Strasburg budget shows savings, raises utility rates
By Alex Bridges
Strasburg utility customers could see higher bills beginning next month thanks to water and sewer projects spurred by strict health and environmental rules.
Town Council at its regular meeting Tuesday approved the fiscal 2014 budget and to adopt the ordinance required to allocate the funds in the spending plan. The budget also includes increases in the water and sewer rates that take effect July 1. Water rates will increase 12 percent while sewer will increase by 6 percent.
The budget as approved calls for the town to spend $9.96 million in the next fiscal year. A letter from Town Manager Judson Rex to Mayor Timothy Taylor and council members highlights the plan and changes made to reach a balanced budget.
The town will give the following amounts to local organizations: $8,000 to the Chamber of Commerce; $15,000 to the Strasburg Library; $13,000 to the Strasburg Museum and $4,500 to Hometown Strasburg.
The budget calls for the town to spend nearly $570,000 on capital projects, including water and sewer lines on King Street, improvements to the town park and pool and the Downtown Streetscape Enhancement Project
As officials and council members have said in previous discussion, the town had little choice but to raise the utility rates in order to pay for required upgrades to the water and sewer systems.
The budget includes a 2 percent, cost-of-living-allowance increase for town employees. However, all employees after July 1 must pay the full 5 percent contribution to the Virginia Retirement System.
But, as Town Manager Judson Rex noted Wednesday, the fiscal budget reflects changes made to the benefits offered to Strasburg employees. Such changes allow the town to save thousands of dollars each year, Rex said.
“We feel like we came up with some good compromises there,” Rex said.

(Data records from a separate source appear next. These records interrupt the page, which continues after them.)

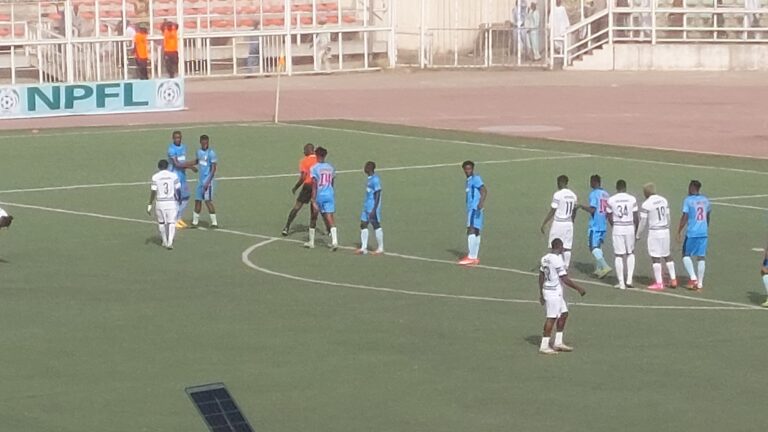 No qualms my team will cross Demotion hurdles Barau FC vs Remo Stars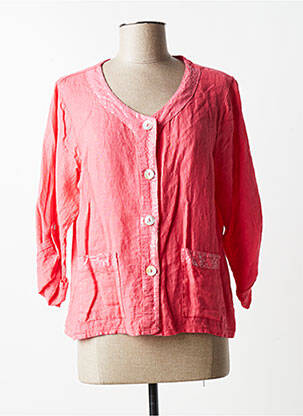 Cămașă roz QUATTRO femeie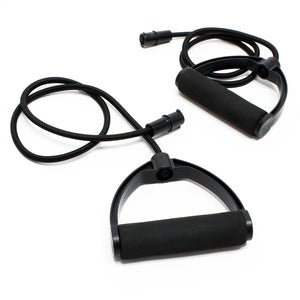 LUXTRI Balance trainer ball Ø 58 cm Semisfera di equilibrio con elastici per fitness yoga pilates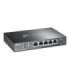 SafeStream Multi-WAN VPN Router TL-ER605 802.1q 10/100/1000 Mbit/s Ethernet LAN (RJ-45) ports 1 Fixed Gigabit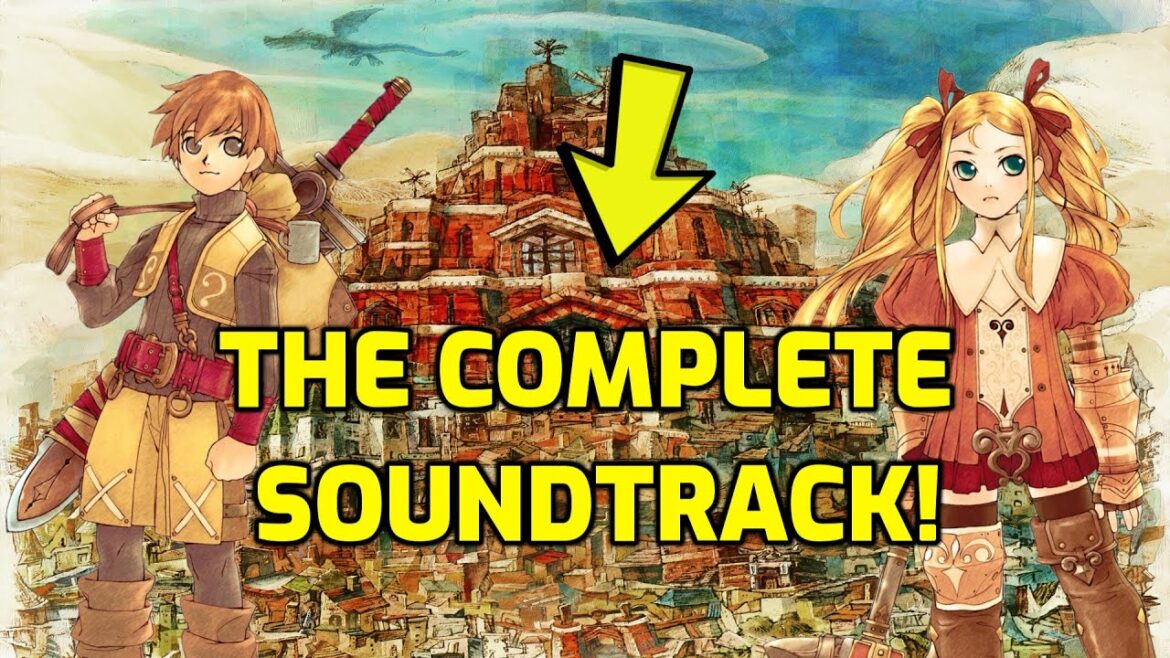 RADIATA STORIES – FULL SOUNDTRACK!
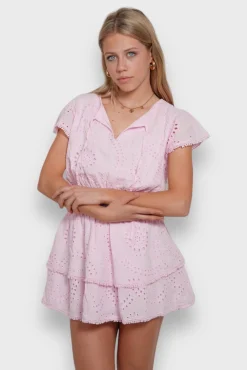 Meet Me There Dresses|Porto Dress Pink
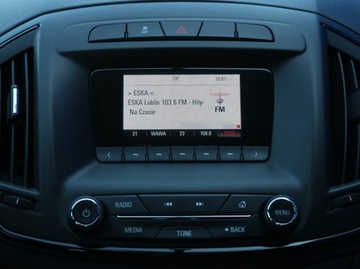 Opel Insignia I Sedan Facelifting 2.0 CDTI ECOTEC 130KM 2014 Opel Insignia 2.0 CDTI, Salon Polska, VAT 23%, zdjęcie 11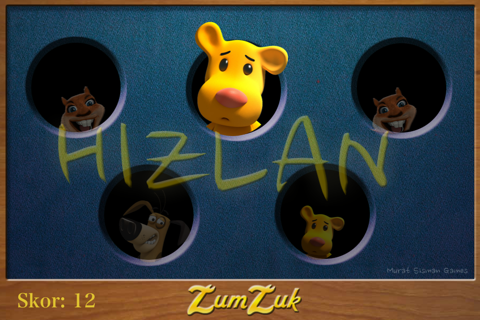 ZumZuk screenshot 3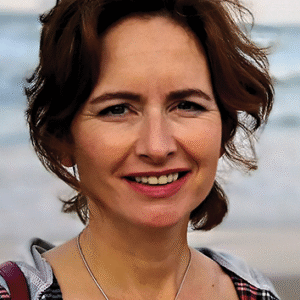 Pamela Kribbe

For example, the town changed health insurance plans to reduce costs, Rex said. The town also replaced six holidays on the work calendar with “flex” days. This reduces the number of holidays from 14 to eight. The town saves money by not having to pay time and a half to shift workers who work on holidays. Employees still have the six days during the year, but now they can choose when to take the time off, Rex explained. The town also has eliminated the two personal days given to employees.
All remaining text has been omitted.